On April 18, 2018, a German startup company named Savedroid appeared to pull an ICO “exit scam” when they suddenly posted images on their website suggesting they had taken all of the money contributed so far and disappeared with it.
It turns out, however, that this was merely a publicity stunt to shine a light on how easy it is to scam people with ICOs. Although one may question the effectiveness (and sincerity) of this particular stunt, there is no question that there is a lot of fraudulent activity in the space (one example being that ICObench “experts” were able to retroactively change the previously stellar ratings they had given to Savedroid).
Although nobody likes a “scam,” how exactly should that term be defined in a space that is known for being something of a playground for con artists and scammers (not to be confused with the State of Florida, which also has the same designation)?
According to Brian Kean, Chief Business Development Officer at ICORating (which is one of the few ICO rating sites we’ve found that appears to be unwilling to prostitute1 itself):
We define a project as a scam only when it is proven that the money collected during a pre-ICO or ICO was stolen and the team has disappeared. This means the fraud was preplanned and the theft of investor funds deliberate.
Although intent to defraud may make sense from a criminal law standpoint, we believe that such a strict interpretation ignores far too many other ICOs that are just as likely to result in massive losses to their token holders. Furthermore, since these “lesser scams” don’t necessarily involve criminal liability, there may be no legal recourse available to token holders who are suckered into contributing, so the overall potential loss may even be greater.
We therefore propose that in addition to those projects that meet Brian Kean’s criteria, “ICO scams” should also include:
- projects where the founding team intends to distribute tokens in accordance with the terms of the token sale agreement but not to use any of the proceeds from the sale to seriously develop the project (which would include Centra and BitConnect); and
- projects where the only honest answer to the question “Why blockchain?” is “Because that’s the only way we can raise fucktons of money via an ICO.”
Unfortunately we believe the majority of ICOs today fall into this last category, which is one of the reasons we created Tokenicide. As we continue to review and highlight the bad actors in this space, we hope to educate prospective contributors on how to identify these sorts of scams themselves.
And curse a lot. Have we mentioned how much we fucking love doing that shit?

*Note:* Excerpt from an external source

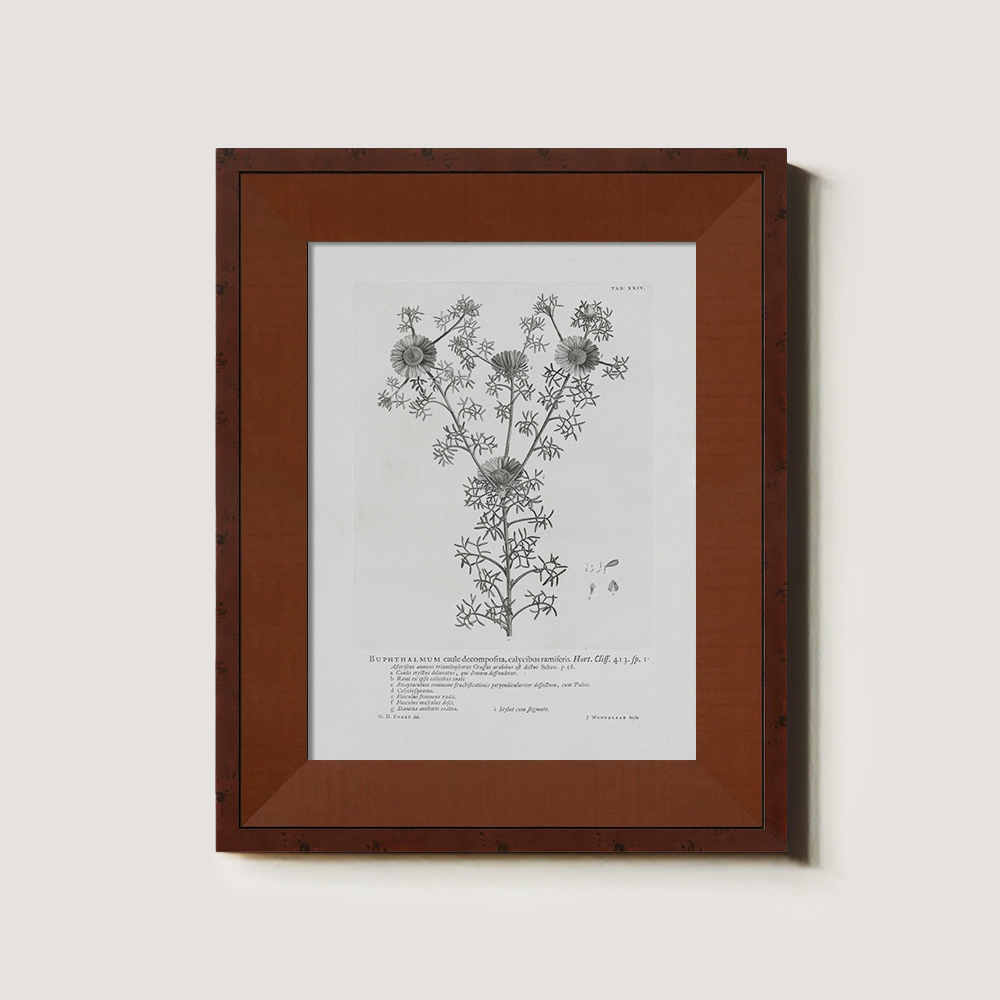 Vintage Buphthalmum Maculatum Botanical Etching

1Although ICORating charges $10,000 to be reviewed on their site, we do not consider this to be “prostitution” for purposes of this article. That’s because ICORating does not guarantee a good review for $10,000, and most people wouldn’t agree to pay a prostitute $10,000 if there was no guarantee that they were going to get serviced properly. To be honest, we’re not quite sure why anyone would actually agree to pay ICORating $10,000 for a possible shitty review (which is why we write shitty reviews for free), but that’s beside the point. We guess.